Material for this exercise START

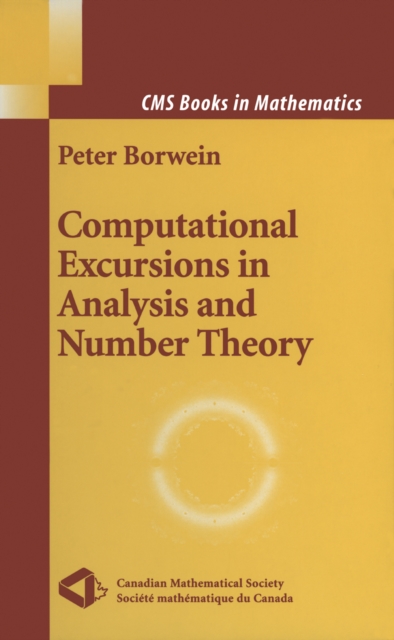 Computational Excursions in Analysis and Number Theory, PDF eBook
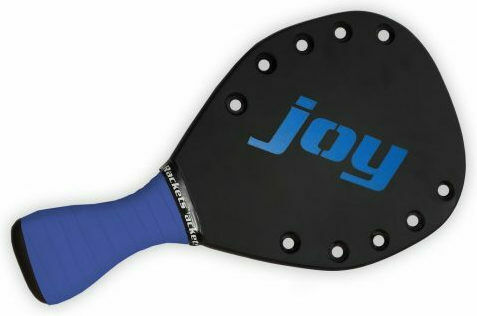 Joy Challenge SportC Ρακέτα Παραλίας Μαύρη 345gr με Ίσια Λαβή Μπλε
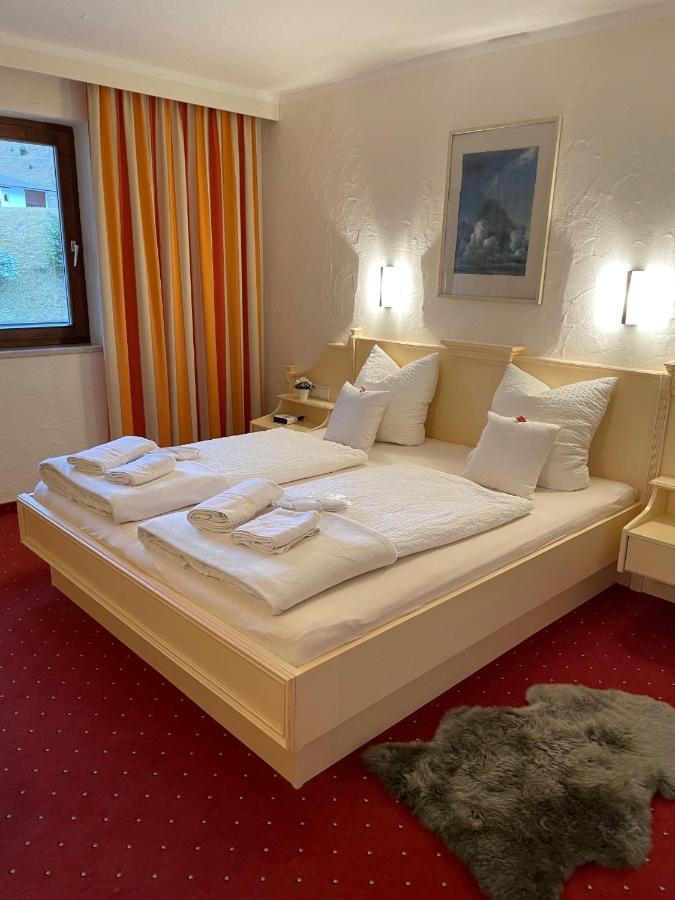 W7 Haus Ganghofer Apartman Leutasch Kültér fotó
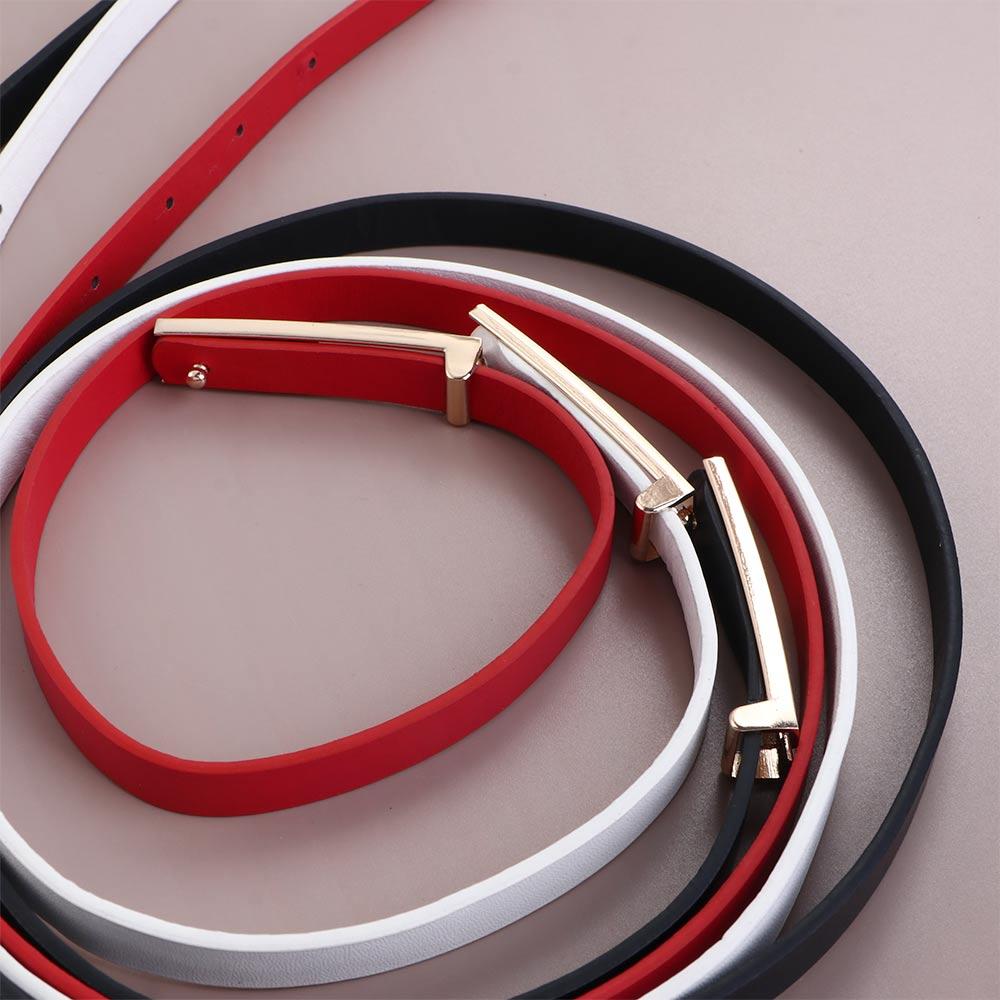 Accessories Fine Belt Accessories Waist Decor Women Belts Leather Waistband Waist Band Waist Belt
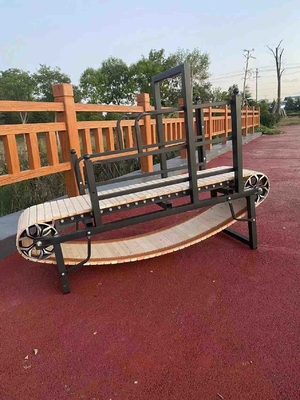 Αλουμινίου σκυλί τρέξιμο άνοδο Sandblasted Walking Machine για Pit Bulls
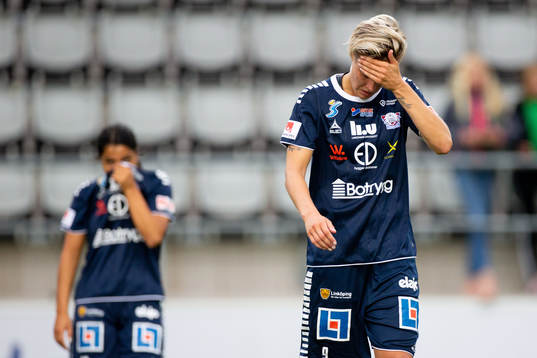 Linköpings Lina Hurtig deppar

Material for this exercise END

# Task statement
Now transcribe all the entries above exactly, so that no picture is carried over.

# Task answer
 Computational Excursions in Analysis and Number Theory, PDF eBook
 Joy Challenge SportC Ρακέτα Παραλίας Μαύρη 345gr με Ίσια Λαβή Μπλε
 W7 Haus Ganghofer Apartman Leutasch Kültér fotó
 Accessories Fine Belt Accessories Waist Decor Women Belts Leather Waistband Waist Band Waist Belt
 Αλουμινίου σκυλί τρέξιμο άνοδο Sandblasted Walking Machine για Pit Bulls
 Linköpings Lina Hurtig deppar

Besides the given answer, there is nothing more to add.